# Activity
What's wanted here is the full listing below, repeated exactly, with no images in it.

*** Input data

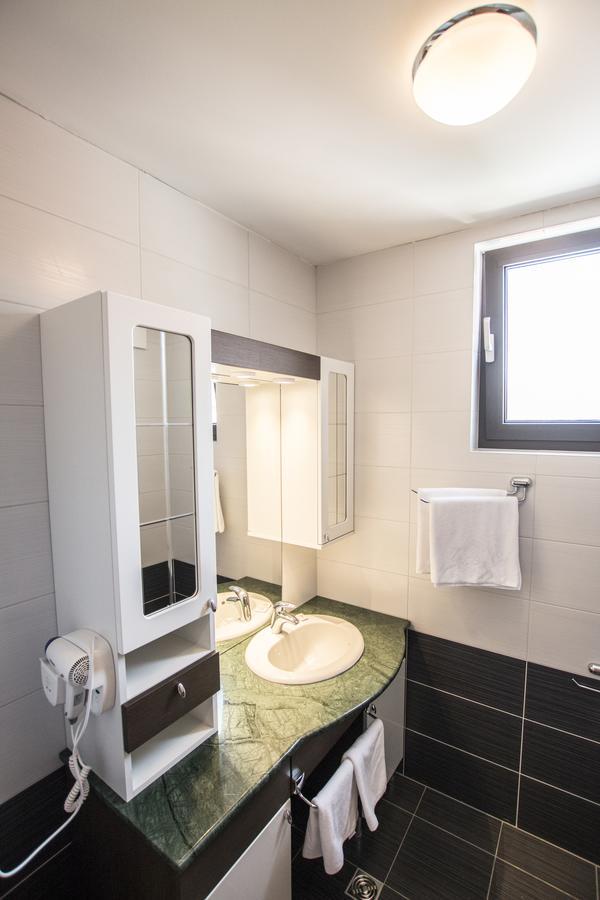 Hotel Paradiso 2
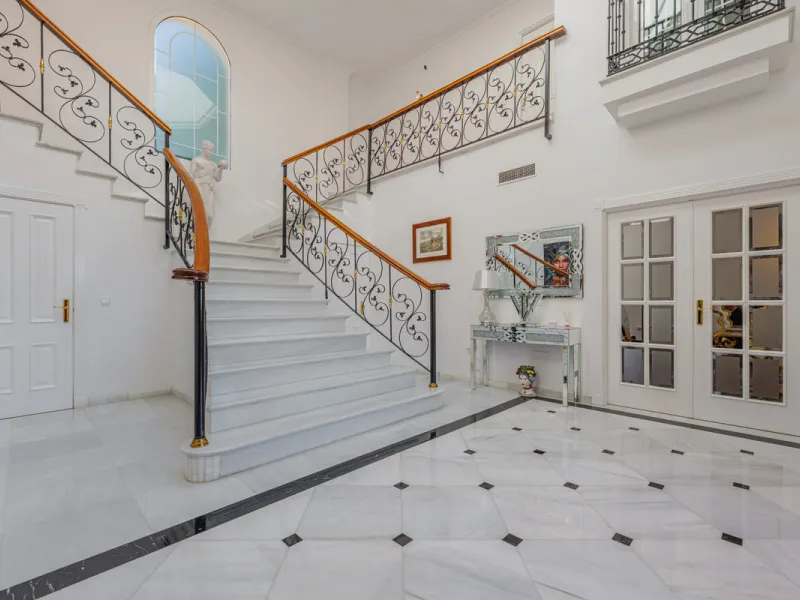 House - Detached Villa в продаже в Málaga, Málaga. В доме 8 спален и 5 ванных комнат. Площадь дома 685 м². Площадь участка 1250 м²
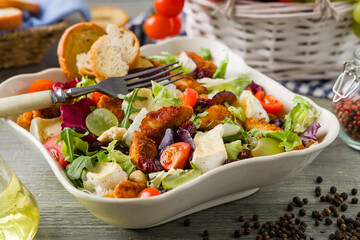 Traditional spring Italian salad with breaded chicken, camembert cheese, grapes and nuts. Served with croutons.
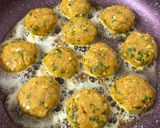 A picture of step 4 of Spicy Chicken Meatballs.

******

# Answer space
 Hotel Paradiso 2
 House - Detached Villa в продаже в Málaga, Málaga. В доме 8 спален и 5 ванных комнат. Площадь дома 685 м². Площадь участка 1250 м²
 Traditional spring Italian salad with breaded chicken, camembert cheese, grapes and nuts. Served with croutons.
 A picture of step 4 of Spicy Chicken Meatballs.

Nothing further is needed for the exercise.